### AIM OF THE EXERCISE:
Return the lines of the data below, from the one containing "casa indipendente in" through the very last, exactly and with both ends included; no pictures.

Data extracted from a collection
★ ★ ★ ★ ★ ★ ★

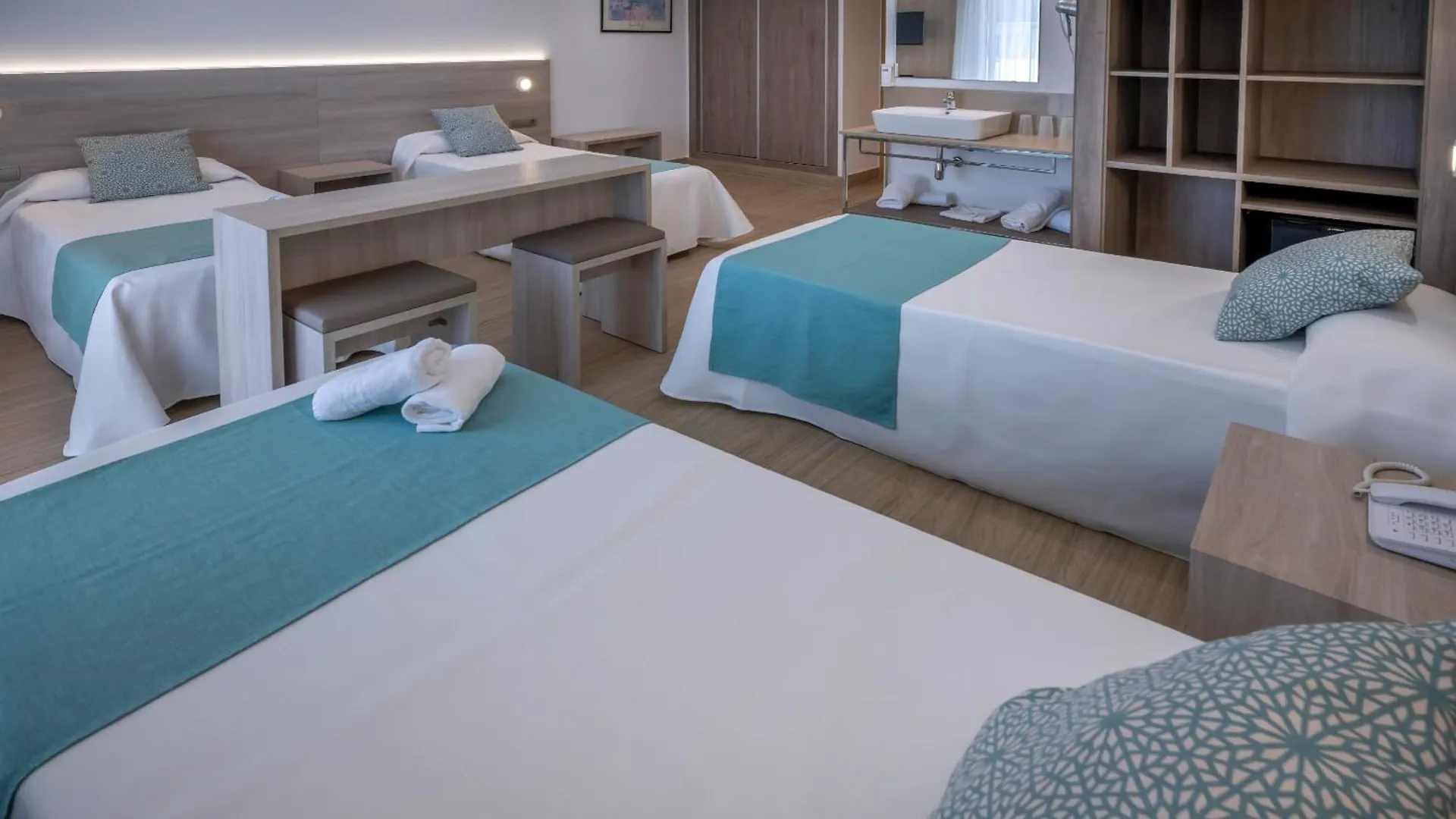 4R Salou Park Resort II מלון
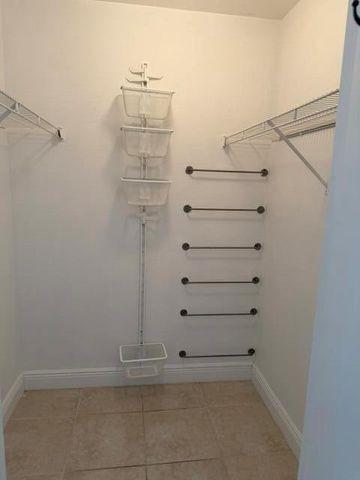 2647 NW 33rd Street 2310, Oakland Park, FL 33309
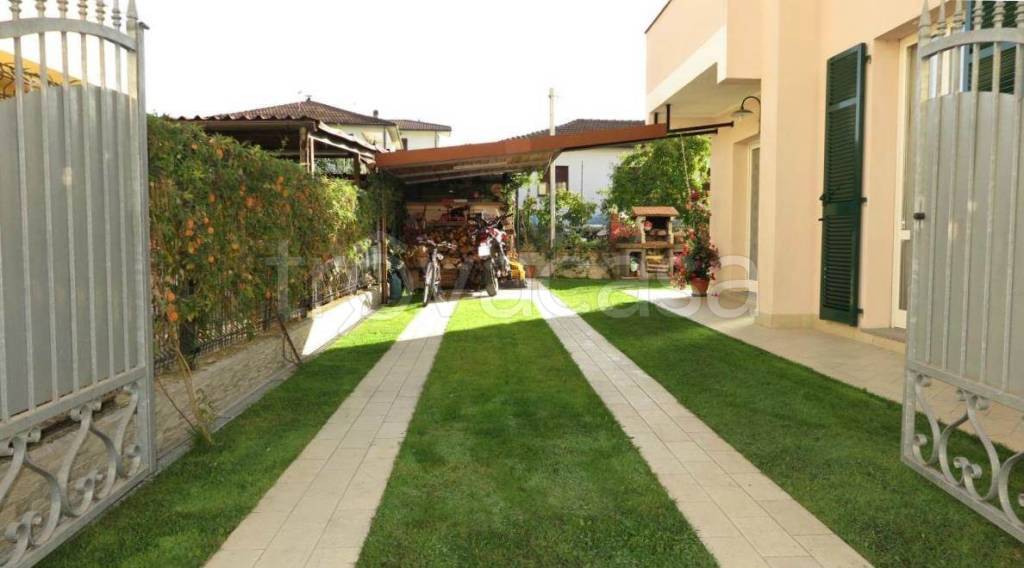 casa indipendente in vendita a Licciana Nardi in zona Monti
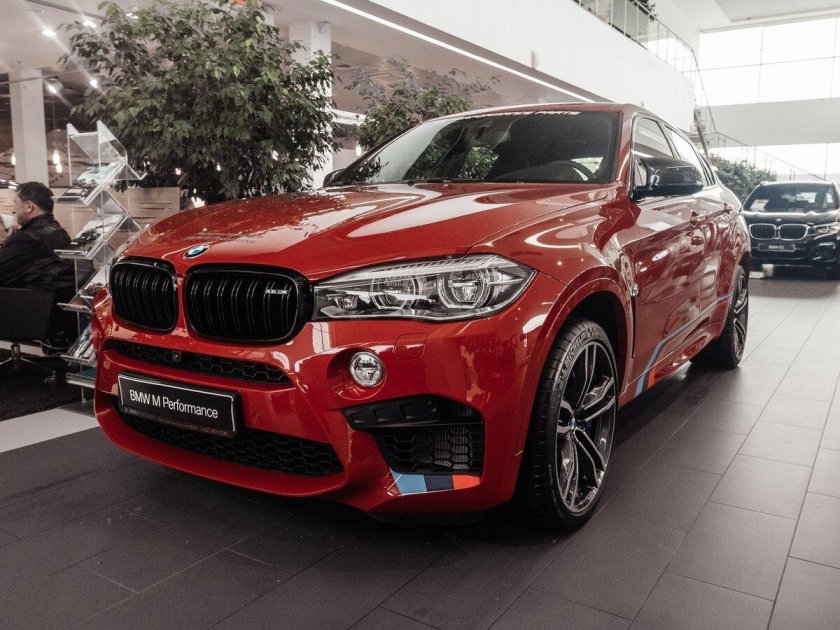 BMW x6m Red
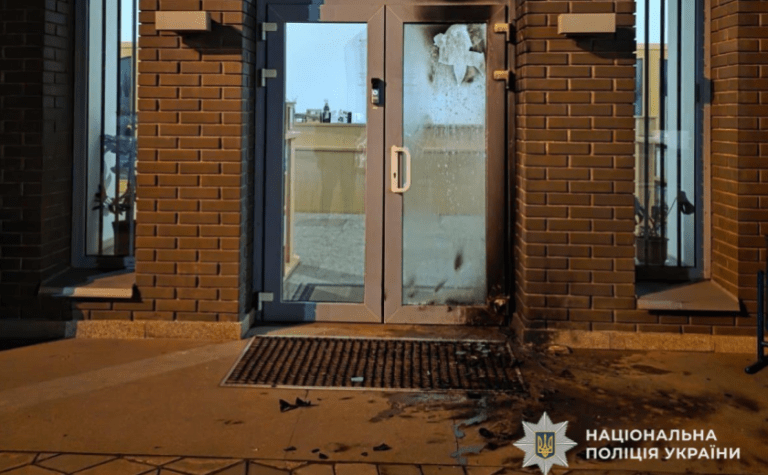 У Кривому Розі затримали неповнолітнього підпалювача, який намагався знищити місцеву синагогу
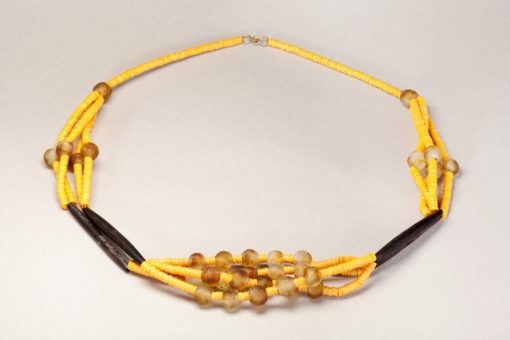 Collier africain en perle bakélite et tube d'ébène ou d'os : Tribu – Image 3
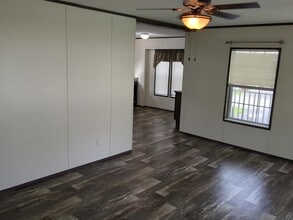 52 Edgewood Dr in Selkirk, NY - Building Photo - Building Photo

★ ★ ★ ★ ★ ★ ★

### ANSWER FOR THE TASK:
 casa indipendente in vendita a Licciana Nardi in zona Monti
 BMW x6m Red
 У Кривому Розі затримали неповнолітнього підпалювача, який намагався знищити місцеву синагогу
 Collier africain en perle bakélite et tube d'ébène ou d'os : Tribu – Image 3
 52 Edgewood Dr in Selkirk, NY - Building Photo - Building Photo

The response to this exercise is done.